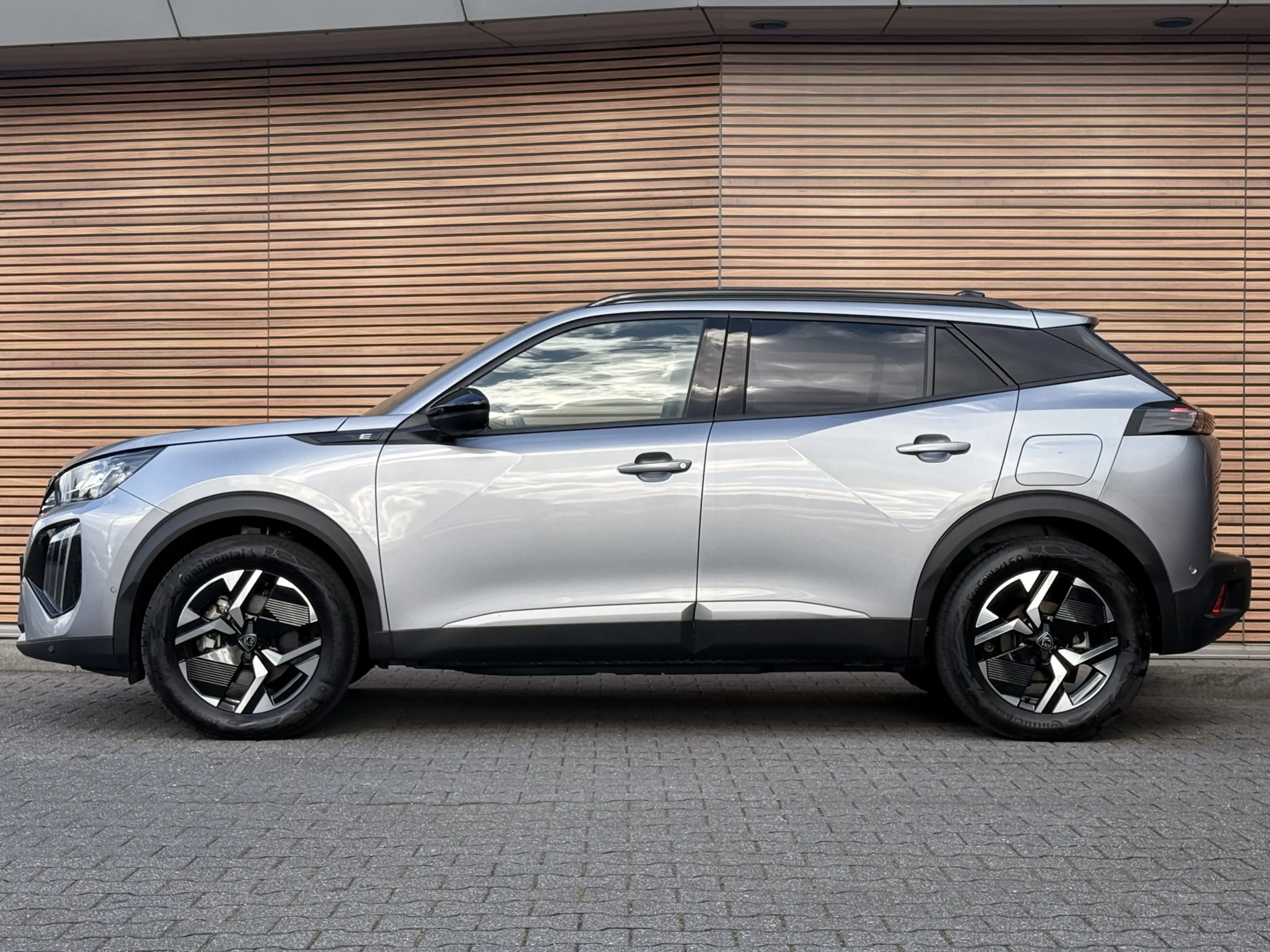 Peugeot e-2008 EV Allure Pack 50 kWh 360* Camera / Navi / Clima / — photo 5
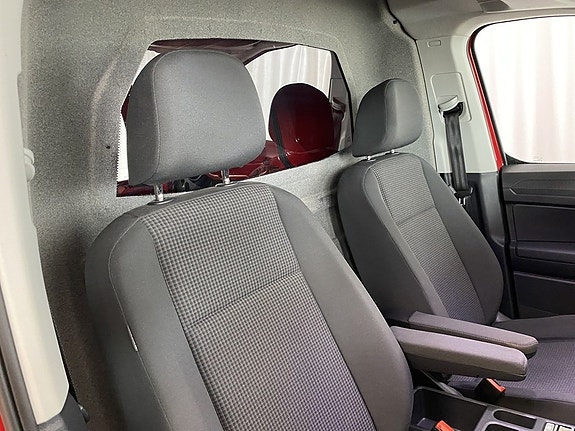 Volkswagen Caddy 8 of 9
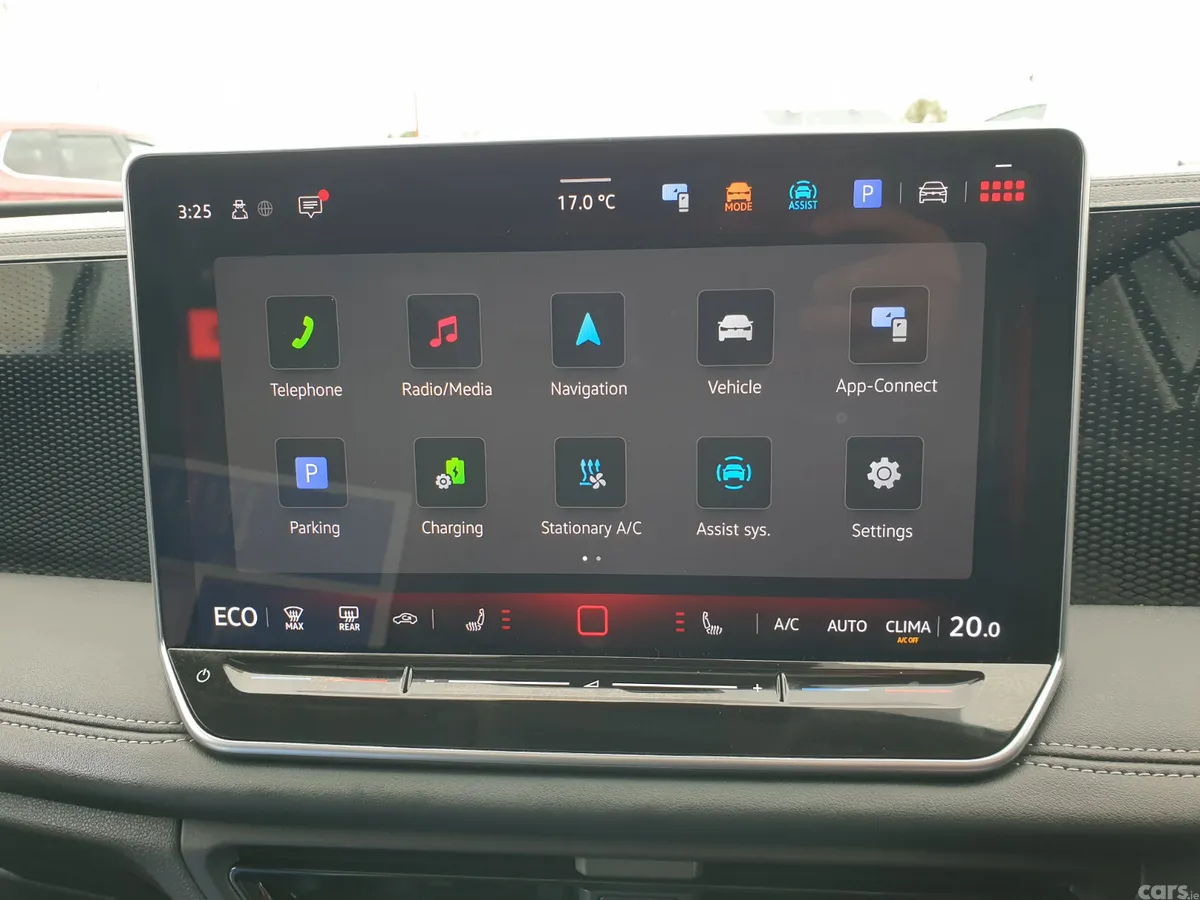 Volkswagen Tiguan SUV, Petrol Hybrid, 2025, Silver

> [Task goal]
Print the whole listing above once more, word for word, without its pictures.

> [Response]
 Peugeot e-2008 EV Allure Pack 50 kWh 360* Camera / Navi / Clima / — photo 5
 Volkswagen Caddy 8 of 9
 Volkswagen Tiguan SUV, Petrol Hybrid, 2025, Silver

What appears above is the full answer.